In Ephesians 2, Paul showed us that apart from Christ we naturally look to other people for our identity. We learned that Christ gives us the identity we are searching for and that healthy relationships flow from a healthy identity.
This week I want us to ask a different question:
What satisfies you?
Let me illustrate it this way.
Think back to Christmas when you were younger. You had that one gift you absolutely had to have. You talked about it for months. You circled it in catalogs. You told your parents about it every chance you got. In your mind, getting that gift was going to change everything.
Then Christmas morning came. You opened it. You were excited. You played with it nonstop.
But eventually something happened.
A few weeks later it wasn't as exciting anymore. A few months later you wanted something else.
The gift wasn't bad. It just wasn't designed to satisfy you forever.
The truth is we don't outgrow that mentality. The objects just change.
We start thinking:
"If I could just make the team."
"If I could just get my driver's license."
"If I could just get accepted."
"If I could just have more friends."
"If I could just get a boyfriend or girlfriend."

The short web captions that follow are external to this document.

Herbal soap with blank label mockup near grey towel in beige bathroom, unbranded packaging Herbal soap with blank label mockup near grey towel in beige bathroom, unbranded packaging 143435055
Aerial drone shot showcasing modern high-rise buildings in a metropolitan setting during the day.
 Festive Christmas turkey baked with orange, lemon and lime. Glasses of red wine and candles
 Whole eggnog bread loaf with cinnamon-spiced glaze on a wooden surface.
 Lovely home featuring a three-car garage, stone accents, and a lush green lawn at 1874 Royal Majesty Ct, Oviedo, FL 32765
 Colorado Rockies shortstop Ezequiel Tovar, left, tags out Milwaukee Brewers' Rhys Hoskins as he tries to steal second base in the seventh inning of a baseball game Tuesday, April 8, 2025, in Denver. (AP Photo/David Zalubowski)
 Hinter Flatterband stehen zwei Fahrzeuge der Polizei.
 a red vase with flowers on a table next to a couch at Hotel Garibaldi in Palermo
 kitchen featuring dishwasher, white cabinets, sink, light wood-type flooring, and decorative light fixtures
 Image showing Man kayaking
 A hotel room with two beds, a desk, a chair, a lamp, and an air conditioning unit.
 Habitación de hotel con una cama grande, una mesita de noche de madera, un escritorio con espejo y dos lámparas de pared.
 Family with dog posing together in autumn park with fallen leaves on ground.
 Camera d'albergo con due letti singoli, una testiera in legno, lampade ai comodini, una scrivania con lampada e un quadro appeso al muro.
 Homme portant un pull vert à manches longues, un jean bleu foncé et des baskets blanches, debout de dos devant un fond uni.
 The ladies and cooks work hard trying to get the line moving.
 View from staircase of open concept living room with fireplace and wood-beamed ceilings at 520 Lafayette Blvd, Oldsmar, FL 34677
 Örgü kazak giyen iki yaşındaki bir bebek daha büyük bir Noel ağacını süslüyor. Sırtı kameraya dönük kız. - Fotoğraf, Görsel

We convince ourselves that the next thing will finally satisfy us.
Then we get it.
And eventually we're thirsty again.
That's exactly what Jesus addresses in John 4.
Read John 4:1–26.
Point 1: We all desire satisfaction John 4:7–15
Explanation
As the story begins, Jesus is sitting beside Jacob's well while His disciples have gone into town. A Samaritan woman comes to draw water and Jesus does something unexpected—He starts a conversation.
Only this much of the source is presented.